Meg 2: The Trench
Just when you thought that the Meg was the only bully in the canon, along comes a menagerie of boat-chomping beasties.
Many a sequel falls into the trap of being merely a facsimile of the original. Not so Meg 2: The Trench. And more’s the pity. What begins as a routine nautical thriller soon starts to let in water and ends up splitting into several different genres. If anything, it’s actually a parody of the first and probably should have gone by the moniker of Monster Movie!! Jon Turteltaub’s The Meg was not to be taken seriously, but it had some entertainment value and its fair share of jump scares.

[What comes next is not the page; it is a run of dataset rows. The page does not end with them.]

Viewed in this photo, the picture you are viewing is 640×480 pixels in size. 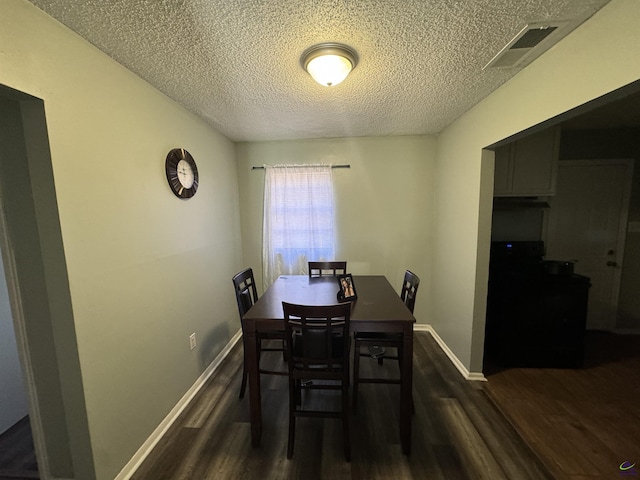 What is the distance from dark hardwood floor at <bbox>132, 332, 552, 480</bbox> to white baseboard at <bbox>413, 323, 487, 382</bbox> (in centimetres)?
9

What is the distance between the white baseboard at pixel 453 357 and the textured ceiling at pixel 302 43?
239 centimetres

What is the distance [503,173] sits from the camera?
255 cm

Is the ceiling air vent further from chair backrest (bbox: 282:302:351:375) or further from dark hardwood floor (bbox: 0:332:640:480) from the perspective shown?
dark hardwood floor (bbox: 0:332:640:480)

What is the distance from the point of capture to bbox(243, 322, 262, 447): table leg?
5.46 ft

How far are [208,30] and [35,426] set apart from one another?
2.23 meters

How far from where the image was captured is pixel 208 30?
4.04ft

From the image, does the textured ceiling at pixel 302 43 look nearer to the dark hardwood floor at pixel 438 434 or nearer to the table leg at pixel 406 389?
the table leg at pixel 406 389

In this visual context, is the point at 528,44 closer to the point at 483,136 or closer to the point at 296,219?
the point at 483,136

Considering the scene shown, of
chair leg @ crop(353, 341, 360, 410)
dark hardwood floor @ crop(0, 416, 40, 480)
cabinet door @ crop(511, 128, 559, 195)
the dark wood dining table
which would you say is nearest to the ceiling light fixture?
the dark wood dining table

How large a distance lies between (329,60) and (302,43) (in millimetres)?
163

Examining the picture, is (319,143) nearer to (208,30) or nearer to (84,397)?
(208,30)

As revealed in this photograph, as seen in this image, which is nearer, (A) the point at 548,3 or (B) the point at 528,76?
(A) the point at 548,3

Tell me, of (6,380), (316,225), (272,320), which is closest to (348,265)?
(316,225)

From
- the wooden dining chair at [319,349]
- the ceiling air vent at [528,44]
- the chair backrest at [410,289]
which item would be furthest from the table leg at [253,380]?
the ceiling air vent at [528,44]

Here, a computer-generated prologue – set 65 million years ago – introduces us to a sordid food chain in which each prehistoric predator is devoured by a larger one. Then, just as we think these creatures can’t get any bigger, Meg emerges from the ocean and chomps down on a Tyrannosaurus rex. Really, the film should have stopped there. Sadly, though, we cut to the present day where Jason Statham emerges out of a shipping container atop a seafaring tanker and proceeds to take down an entire team of mercenaries defending the ship’s cargo of toxic waste. Yep, The Stath still looks good at 56. He then joins the crew of Mana One, an underwater research facility largely peopled by old friends, supermodels and a fourteen-year-old girl with a formidable vocabulary (she ponders on the intricacies of “cognitive dissonance”). Of course, diversity is the order of the day.

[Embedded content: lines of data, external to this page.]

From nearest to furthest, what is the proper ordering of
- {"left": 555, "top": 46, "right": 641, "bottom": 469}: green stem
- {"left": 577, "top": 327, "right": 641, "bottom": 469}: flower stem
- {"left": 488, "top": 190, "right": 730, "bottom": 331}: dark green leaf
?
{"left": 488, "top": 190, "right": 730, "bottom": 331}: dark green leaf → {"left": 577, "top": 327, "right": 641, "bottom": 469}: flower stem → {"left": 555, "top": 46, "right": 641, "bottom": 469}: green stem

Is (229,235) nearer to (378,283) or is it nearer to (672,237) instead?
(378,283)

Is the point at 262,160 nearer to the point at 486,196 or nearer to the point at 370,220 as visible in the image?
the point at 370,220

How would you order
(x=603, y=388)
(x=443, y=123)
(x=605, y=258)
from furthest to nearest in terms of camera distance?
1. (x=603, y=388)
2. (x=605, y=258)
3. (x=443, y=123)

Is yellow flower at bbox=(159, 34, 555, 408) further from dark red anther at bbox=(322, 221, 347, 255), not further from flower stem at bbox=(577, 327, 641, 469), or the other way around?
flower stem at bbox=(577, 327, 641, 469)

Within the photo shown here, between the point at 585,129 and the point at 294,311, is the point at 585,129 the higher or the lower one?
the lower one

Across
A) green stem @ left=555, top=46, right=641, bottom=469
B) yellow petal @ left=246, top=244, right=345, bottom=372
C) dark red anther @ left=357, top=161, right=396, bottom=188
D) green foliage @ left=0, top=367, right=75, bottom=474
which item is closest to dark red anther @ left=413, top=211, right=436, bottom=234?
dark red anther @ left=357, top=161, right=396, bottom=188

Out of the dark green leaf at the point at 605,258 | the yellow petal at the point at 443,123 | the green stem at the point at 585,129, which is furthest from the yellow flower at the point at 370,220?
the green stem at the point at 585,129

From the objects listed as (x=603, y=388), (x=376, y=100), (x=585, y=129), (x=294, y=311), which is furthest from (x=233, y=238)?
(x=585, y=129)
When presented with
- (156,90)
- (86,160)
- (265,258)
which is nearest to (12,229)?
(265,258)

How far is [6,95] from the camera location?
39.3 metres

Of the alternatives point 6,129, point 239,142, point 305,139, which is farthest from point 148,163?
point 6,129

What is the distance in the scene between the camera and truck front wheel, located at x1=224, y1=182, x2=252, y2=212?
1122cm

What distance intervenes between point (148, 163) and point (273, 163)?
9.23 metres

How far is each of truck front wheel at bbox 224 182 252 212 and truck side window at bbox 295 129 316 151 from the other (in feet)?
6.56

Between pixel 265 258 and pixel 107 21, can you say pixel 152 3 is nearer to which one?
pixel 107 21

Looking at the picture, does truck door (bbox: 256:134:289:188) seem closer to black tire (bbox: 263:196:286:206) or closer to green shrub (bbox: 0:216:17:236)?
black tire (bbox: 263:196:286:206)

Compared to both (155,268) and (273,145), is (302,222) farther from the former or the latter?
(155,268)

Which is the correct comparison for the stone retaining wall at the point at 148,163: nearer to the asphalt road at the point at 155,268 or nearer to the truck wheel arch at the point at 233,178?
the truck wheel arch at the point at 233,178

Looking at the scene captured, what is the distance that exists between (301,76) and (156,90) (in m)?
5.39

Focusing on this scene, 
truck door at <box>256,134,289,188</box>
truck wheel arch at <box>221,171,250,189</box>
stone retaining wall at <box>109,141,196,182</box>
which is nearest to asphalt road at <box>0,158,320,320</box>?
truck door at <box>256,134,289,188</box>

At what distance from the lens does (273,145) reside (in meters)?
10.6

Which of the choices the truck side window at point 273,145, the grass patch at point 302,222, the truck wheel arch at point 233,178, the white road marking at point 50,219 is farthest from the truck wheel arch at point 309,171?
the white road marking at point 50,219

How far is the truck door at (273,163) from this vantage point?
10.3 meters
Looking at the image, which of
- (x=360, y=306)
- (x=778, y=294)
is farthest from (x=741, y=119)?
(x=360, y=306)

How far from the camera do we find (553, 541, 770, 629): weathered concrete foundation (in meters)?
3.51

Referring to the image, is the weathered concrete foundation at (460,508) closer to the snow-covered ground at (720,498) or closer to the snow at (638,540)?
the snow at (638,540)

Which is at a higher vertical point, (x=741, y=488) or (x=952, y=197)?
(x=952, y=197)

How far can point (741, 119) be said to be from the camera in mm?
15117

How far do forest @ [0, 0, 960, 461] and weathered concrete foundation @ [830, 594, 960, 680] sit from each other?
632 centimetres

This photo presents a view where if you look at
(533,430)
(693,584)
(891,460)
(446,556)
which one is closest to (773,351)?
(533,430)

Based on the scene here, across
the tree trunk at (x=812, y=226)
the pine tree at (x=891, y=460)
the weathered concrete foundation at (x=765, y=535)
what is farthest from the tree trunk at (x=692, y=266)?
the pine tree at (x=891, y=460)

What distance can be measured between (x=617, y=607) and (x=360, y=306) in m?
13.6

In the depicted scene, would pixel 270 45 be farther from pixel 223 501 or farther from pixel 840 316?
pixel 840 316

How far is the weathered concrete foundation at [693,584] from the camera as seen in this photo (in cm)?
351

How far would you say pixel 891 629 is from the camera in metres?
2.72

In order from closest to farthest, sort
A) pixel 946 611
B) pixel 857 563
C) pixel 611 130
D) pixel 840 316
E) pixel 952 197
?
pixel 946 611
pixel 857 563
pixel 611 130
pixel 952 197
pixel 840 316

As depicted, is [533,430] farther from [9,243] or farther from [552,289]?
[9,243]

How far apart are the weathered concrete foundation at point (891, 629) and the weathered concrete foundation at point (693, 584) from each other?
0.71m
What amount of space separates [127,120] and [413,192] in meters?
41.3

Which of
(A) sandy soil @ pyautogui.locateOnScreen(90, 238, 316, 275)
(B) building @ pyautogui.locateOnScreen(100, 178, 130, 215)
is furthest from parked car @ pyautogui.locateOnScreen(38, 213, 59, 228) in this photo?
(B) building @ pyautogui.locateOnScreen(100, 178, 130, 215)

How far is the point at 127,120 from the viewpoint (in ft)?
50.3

Inevitably, any maritime monster movie owes a debt to Jaws, which was about three guys and one shark. And that’s all Steven Spielberg needed to scare the heebie-jeebies out of us. Here, we have a whole team of skin-deep marine biologists and Jason Statham. There’s also a small army of gun-toting villains and more monsters than you can shake a harpoon at. It gets terribly congested. It’s always nice to see an old friend again, and The Stath has become like an old friend, dutifully delivering his quips with a straight face and swimming at deceptive right angles. Unfortunately, the one-liners are decidedly dumb (“the impossible just got possible”), the sort of dialogue you’d only find in a B-movie.

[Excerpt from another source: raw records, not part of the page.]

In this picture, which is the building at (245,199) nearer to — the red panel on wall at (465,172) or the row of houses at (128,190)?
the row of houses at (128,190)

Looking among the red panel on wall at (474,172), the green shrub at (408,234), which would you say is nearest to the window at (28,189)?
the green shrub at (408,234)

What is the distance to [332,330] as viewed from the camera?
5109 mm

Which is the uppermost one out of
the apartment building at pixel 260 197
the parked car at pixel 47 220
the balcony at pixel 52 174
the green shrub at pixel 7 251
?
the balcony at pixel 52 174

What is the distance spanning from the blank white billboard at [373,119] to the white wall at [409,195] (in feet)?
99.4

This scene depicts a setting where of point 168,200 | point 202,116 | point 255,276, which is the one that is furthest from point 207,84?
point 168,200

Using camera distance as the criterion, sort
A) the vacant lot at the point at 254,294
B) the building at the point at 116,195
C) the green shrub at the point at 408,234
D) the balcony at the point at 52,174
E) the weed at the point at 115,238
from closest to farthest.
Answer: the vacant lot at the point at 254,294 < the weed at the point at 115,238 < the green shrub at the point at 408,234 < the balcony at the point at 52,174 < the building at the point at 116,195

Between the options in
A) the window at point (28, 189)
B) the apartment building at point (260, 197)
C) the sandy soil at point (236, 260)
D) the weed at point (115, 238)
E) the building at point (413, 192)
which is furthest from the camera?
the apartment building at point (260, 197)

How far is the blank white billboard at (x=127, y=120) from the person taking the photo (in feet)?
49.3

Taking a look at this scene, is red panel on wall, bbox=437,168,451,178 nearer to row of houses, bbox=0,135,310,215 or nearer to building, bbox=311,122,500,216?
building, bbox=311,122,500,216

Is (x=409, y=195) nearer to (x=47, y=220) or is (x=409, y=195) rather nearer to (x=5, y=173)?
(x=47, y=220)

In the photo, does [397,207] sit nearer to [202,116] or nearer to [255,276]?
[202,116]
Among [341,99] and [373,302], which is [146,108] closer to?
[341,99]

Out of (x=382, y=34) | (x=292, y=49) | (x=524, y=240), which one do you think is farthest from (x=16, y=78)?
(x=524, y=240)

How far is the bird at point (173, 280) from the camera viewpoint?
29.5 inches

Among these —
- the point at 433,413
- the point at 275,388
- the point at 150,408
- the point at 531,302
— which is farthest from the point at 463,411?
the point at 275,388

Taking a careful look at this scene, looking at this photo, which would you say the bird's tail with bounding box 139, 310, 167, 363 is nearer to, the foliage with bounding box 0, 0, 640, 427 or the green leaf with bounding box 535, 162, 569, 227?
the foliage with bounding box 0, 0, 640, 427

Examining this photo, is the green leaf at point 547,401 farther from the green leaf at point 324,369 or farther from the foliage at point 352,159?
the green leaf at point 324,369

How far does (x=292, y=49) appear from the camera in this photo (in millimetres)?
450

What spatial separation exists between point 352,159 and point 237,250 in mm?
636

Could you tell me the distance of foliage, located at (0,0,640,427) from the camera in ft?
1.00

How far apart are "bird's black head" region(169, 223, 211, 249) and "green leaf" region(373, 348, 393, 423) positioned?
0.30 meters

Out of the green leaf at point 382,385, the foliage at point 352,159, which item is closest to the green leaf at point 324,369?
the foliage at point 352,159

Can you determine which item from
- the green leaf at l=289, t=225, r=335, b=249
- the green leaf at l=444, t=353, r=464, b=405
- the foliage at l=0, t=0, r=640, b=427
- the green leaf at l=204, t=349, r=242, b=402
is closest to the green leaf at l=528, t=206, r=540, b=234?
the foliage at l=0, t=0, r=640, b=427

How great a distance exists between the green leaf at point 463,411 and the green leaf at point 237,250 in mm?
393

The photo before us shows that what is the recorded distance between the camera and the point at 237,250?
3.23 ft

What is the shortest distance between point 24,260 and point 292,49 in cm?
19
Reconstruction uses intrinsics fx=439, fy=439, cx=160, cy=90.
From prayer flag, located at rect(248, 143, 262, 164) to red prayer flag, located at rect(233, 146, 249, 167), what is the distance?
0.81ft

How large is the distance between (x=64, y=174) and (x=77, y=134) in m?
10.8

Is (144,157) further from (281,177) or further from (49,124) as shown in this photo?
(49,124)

Consequently, such implausibility robs the possibility of any suspense or anything bordering on momentary distraction. What is really surprising about all this is that the director is none other than Ben Wheatley, who has more than an impressive cv. After all, this is the English filmmaker universally praised for such films as Kill List, A Field in England and In the Earth. Wheatley likes a bit of satire and is prone to display a very dark mentality, but The Trench is even less disturbing (if that’s possible) than its predecessor. The only real jaws here are the ones resting in the lap of the audience.
JAMES CAMERON-WILSON
Cast: Jason Statham, Wu Jing, Sophia Cai, Page Kennedy, Sergio Peris-Mencheta, Skyler Samuels, Sienna Guillory, Cliff Curtis, Whoopie Van Raam, Melissanthi Mahut, Kiran Sonia Sawar, Felix Mayr.
Dir Ben Wheatley, Pro Lorenzo di Bonaventura and Belle Avery, Screenplay Jon Hoeber, Erich Hoeber and Dean Georgari, Ph Haris Zambarloukos, Pro Des Chris Lowe, Ed Jonathan Amos, Music Harry Gregson-Williams, Costumes Lindsay Pugh, Sound Ben Barker, Dialect coach Helen Jane Simmons.
CMC Pictures/DF Pictures/Di Bonaventura Pictures/Apelles Entertainment-Warner Bros.
115 mins. USA/China. 2023. UK and US Rel: 4 August 2023. Cert. 12A.